O advogado Celso Vilardi, que representa Bolsonaro, tem criticado a condução dos processos, alegando cerceamento de defesa e questionando a legalidade da delação premiada de Mauro Cid, ex-ajudante de ordens do ex-presidente. Em entrevista ao UOL, Vilardi afirmou: “A falta de acesso integral às evidências e a celeridade incomum do STF levantam dúvidas sobre a imparcialidade do processo.” Essas críticas ecoam entre os apoiadores de Bolsonaro, que veem nas ações do STF uma tentativa de inviabilizar sua participação nas eleições de 2026.
Impactos da decisão: Um Supremo sob escrutínio
A decisão de intimar Bolsonaro na UTI coloca o STF em uma posição delicada. Por um lado, o tribunal busca demonstrar firmeza contra ameaças à democracia, especialmente após os ataques de 8 de janeiro. Por outro, a condução do caso expõe a Corte a acusações de parcialidade e abuso de poder. O jornal britânico Financial Times, em reportagem de 1º de abril de 2025, destacou que o julgamento de Bolsonaro “pode aumentar sua popularidade e dividir ainda mais o Brasil”, apontando a controvérsia em torno do papel de Alexandre de Moraes, que acumula funções de vítima, investigador e julgador no caso.
O professor de Direito Constitucional da USP, Conrado Hübner Mendes, alerta para os riscos de longo prazo: “O STF precisa equilibrar a aplicação da lei com a preservação de sua legitimidade. A intimação na UTI, embora legalmente respaldada, pode ser percebida como um gesto de revanche, o que erode a confiança nas instituições. Em um país polarizado, isso é um convite à instabilidade.” Mendes sugere que o STF deveria adotar maior cautela em decisões de alta visibilidade, especialmente quando envolvem figuras com forte apelo popular.
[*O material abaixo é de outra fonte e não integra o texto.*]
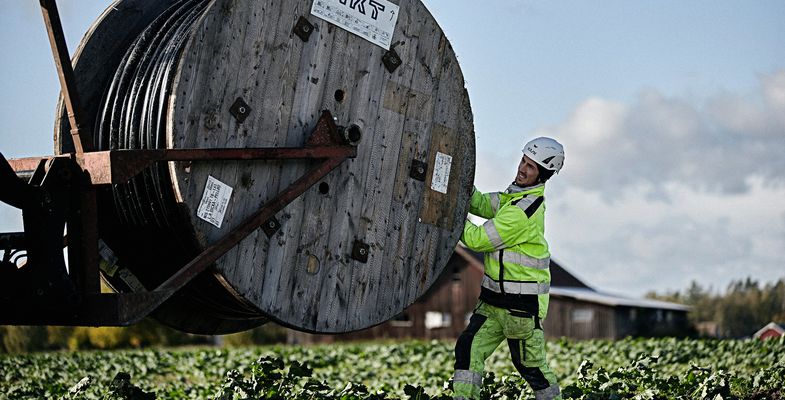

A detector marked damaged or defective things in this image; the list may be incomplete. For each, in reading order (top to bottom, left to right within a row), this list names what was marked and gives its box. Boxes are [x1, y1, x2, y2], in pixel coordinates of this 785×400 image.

rusty metal beam [38, 0, 89, 154]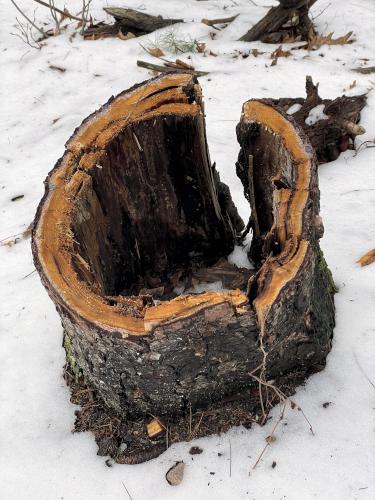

Os impactos políticos são igualmente preocupantes. O PL, partido de Bolsonaro, já trabalha em um projeto de anistia para os envolvidos no 8 de janeiro, e a intimação na UTI pode galvanizar esforços para aprová-lo. Além disso, a narrativa de perseguição pode atrair eleitores indecisos, que, mesmo não sendo bolsonaristas convictos, desconfiam do Judiciário. A eleição de 2026, que já se desenha como um embate entre forças progressistas e conservadoras, pode ser profundamente influenciada por esse episódio.
Um tiro no pé do STF
Ao mandar intimar Jair Bolsonaro na UTI, o STF cometeu um erro estratégico. A decisão, embora tecnicamente correta, ignora o contexto político e simbólico de um Brasil dividido. Bolsonaro, com sua habilidade de transformar adversidades em vitórias narrativas, ganhou um palco para reforçar sua imagem de mártir. A direita, que já domina a retórica da vitimização, encontrou no episódio uma nova bandeira para mobilizar sua base e atacar as instituições.
O Supremo poderia ter evitado esse deslize ao optar por um momento mais apropriado para a intimação ou por meios menos invasivos. Agora, cabe ao STF conduzir o processo com máxima transparência e rigor, para evitar que a percepção de perseguição se solidifique. Caso contrário, o tribunal não apenas fortalecerá Bolsonaro como também enfraquecerá sua própria autoridade em um momento crucial para a democracia brasileira. O tiro no pé já foi dado; resta saber se o Supremo conseguirá evitar novas feridas autoimpostas.